- **Source data**

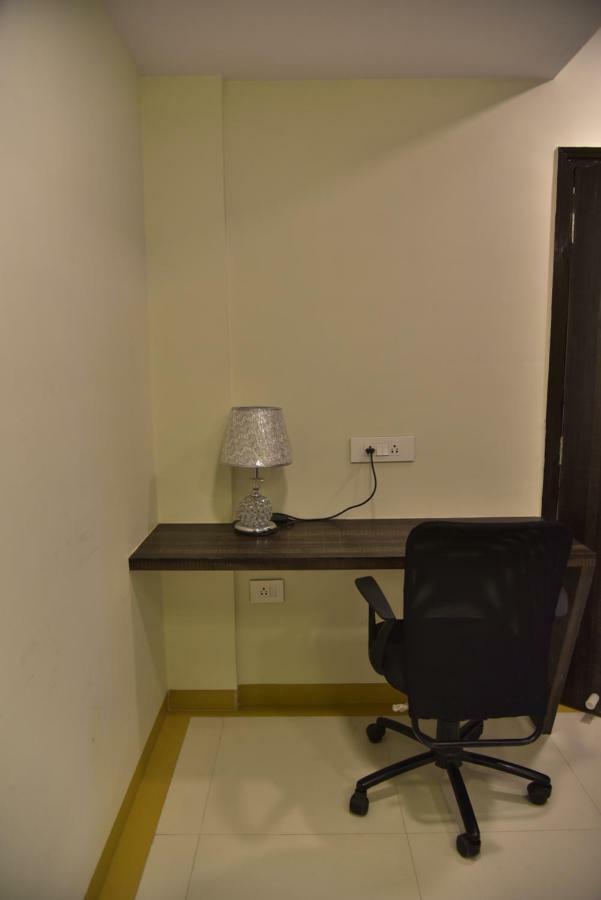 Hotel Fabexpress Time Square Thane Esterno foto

...

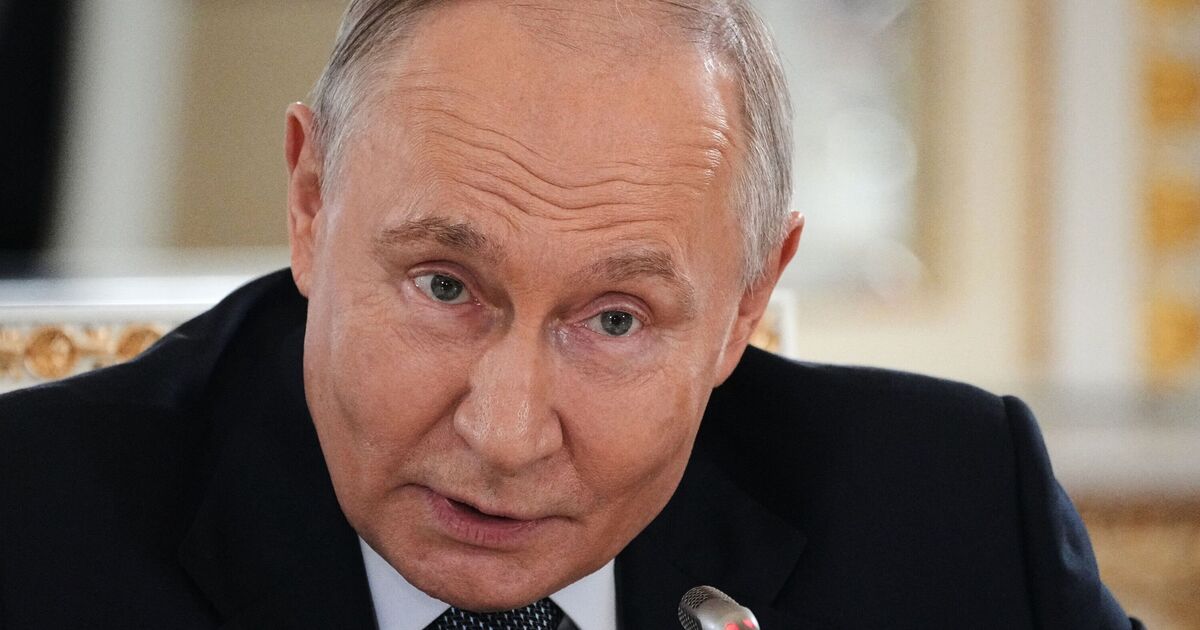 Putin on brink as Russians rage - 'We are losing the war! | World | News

---

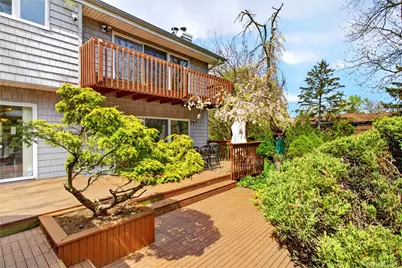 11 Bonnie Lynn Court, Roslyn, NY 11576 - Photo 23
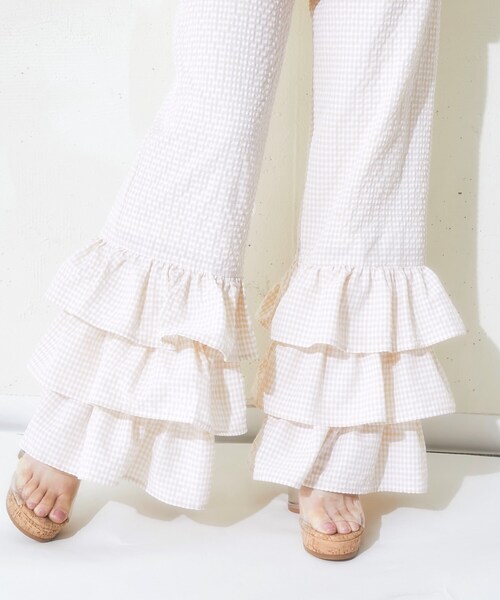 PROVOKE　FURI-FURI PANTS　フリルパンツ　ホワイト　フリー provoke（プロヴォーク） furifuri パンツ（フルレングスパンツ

- **Work request**
Leave out the images and write out the lines above exactly, from the one with "11 Bonnie Lynn" up to and including the one with "PROVOKE　FURI-FURI PANTS　フリルパンツ　ホワイト　フリー provoke（プロヴォーク）".

- **Written reply**
 11 Bonnie Lynn Court, Roslyn, NY 11576 - Photo 23
 PROVOKE　FURI-FURI PANTS　フリルパンツ　ホワイト　フリー provoke（プロヴォーク） furifuri パンツ（フルレングスパンツ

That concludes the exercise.